Le parcours d’Élie Wiesel (1928-2016), éclaireur de conscience, explique l’élaboration de sa pensée. Témoin de l’échec de la modernité incarné par la Shoah, à son œuvre de romancier et de poète répond sa réflexion, trop souvent éludée, d’un intellectuel juif à la formation complexe : mosaïque et universelle, talmudique et philosophique. Les étapes de sa vie sont à cet effet éclairantes. De son enfance hassidique passée dans le shtetl de Sighet disputé entre la Hongrie et la Roumanie, il conserva un amour sans borne pour le Talmud, le goût des commentaires sans fin et de la parole des sages dans laquelle il a été bercé. De l’horreur concentrationnaire et de la perte de nombreux membres de sa famille (notamment ses parents et sa petite sœur) dont témoigne La nuit, a émergé un nouvel Élie Wiesel. Il a parachevé sa formation grâce à l’OSE qui l’accueillit avec « Les enfants de Buchenwald » en France et lui permit de suivre des études de philosophie à la Sorbonne. Il questionna sa foi de l’intérieur même de sa foi dont il ne pouvait se défaire par fidélité à ses aïeux : une ambivalence qui s’exprime pleinement dans son œuvre. Ce doute a résonné chez de nombreux survivants qui se sont reconnus dans ses questionnements, et a fasciné bien des lecteurs. Devenu citoyen américain, Élie Wiesel devint alors le modèle d’une conscience juive universelle dont les enseignements à tirer d’une vie chahutée étaient multiples. Il démontra notamment la vocation juive à éclairer la conscience occidentale. « Plus le juif est juif, et plus il sert ceux qui, autour de lui, ne le sont pas », dira-t-il notamment au Colloque des intellectuels juifs de langue française. Il y explicita également la signification de l’échec de la modernité incarnée par la Shoah : « Les chrétiens ont tué leur dieu en voulant tuer le juif. En tuant des Juifs, l’humanité a tué plus que des Juifs ; l’holocauste a marqué plus que ses victimes ; en un certain sens, la société s’est donné la mort à Auschwitz. ».
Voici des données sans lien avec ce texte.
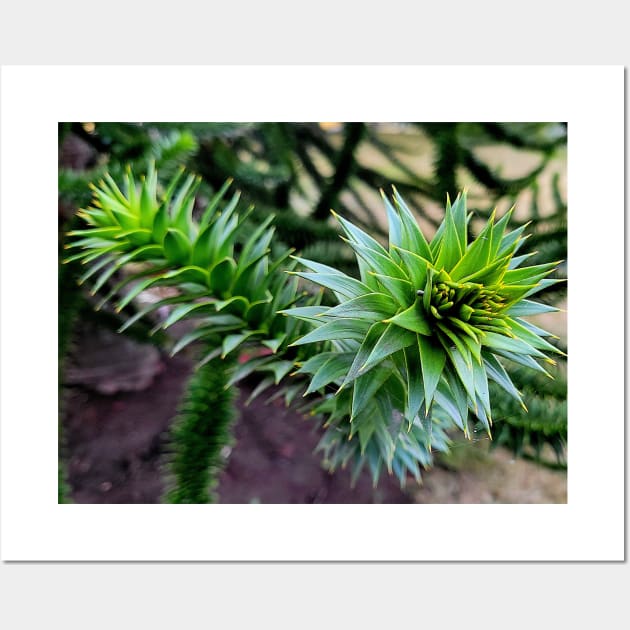 Monkey Puzzle Tree Wall Art by Rebekah Slick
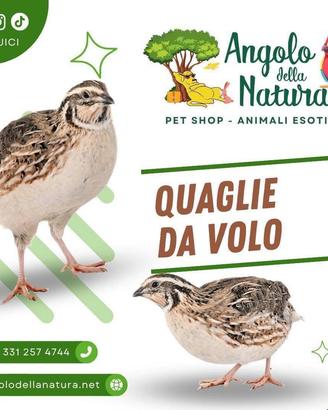 Quaglie da volo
« Retisser dans les décombres une identité juive blessée. Ecriture et résilience chez Elie Wiesel» était le thème de la conférence introductive d’Anny Dayan-Rosenman. Les œuvres complètes d’Elie Wiesel sont actuellement traduites en allemand ont été présentées par Julien Jeusette et Elisabeth Migge. Ensuite, plusieurs thématiques abordant des facettes différentes des écrits du Prix Nobel de la Paix ont été détaillés avec les communications de  : Sandrine Szwarc, « La littérature d’Elie Wiesel entre passé et présent :  la figure du fou et du savant incarnée par M. Chouchani » ; Myriam Dahan, « Les dimensions symboliques de la nuit » ; Guila Clara Kessous, « Théâtre et sacré dans l’œuvre d’Elie Wiesel » ; Gaelle Anna Serero : « La lecture biblique inachevée d’Elie Wiesel » ; Ana M. Alves, « La mémoire dans l’univers d’Elie Wiesel » et  François-Jean Authier, « Démence, folie et paroles dans La Ville de la chance d’Elie Wiesel : les larmes de Moishe ». La conférence de clôture était proposée par Daniel Krochmalnik de l’Université de Postdam sur le hassidisme et l’œuvre d’Elie Wiesel.

Pari réussi pour relancer les études autour de l’œuvre d’un écrivain majeur du XXe siècle.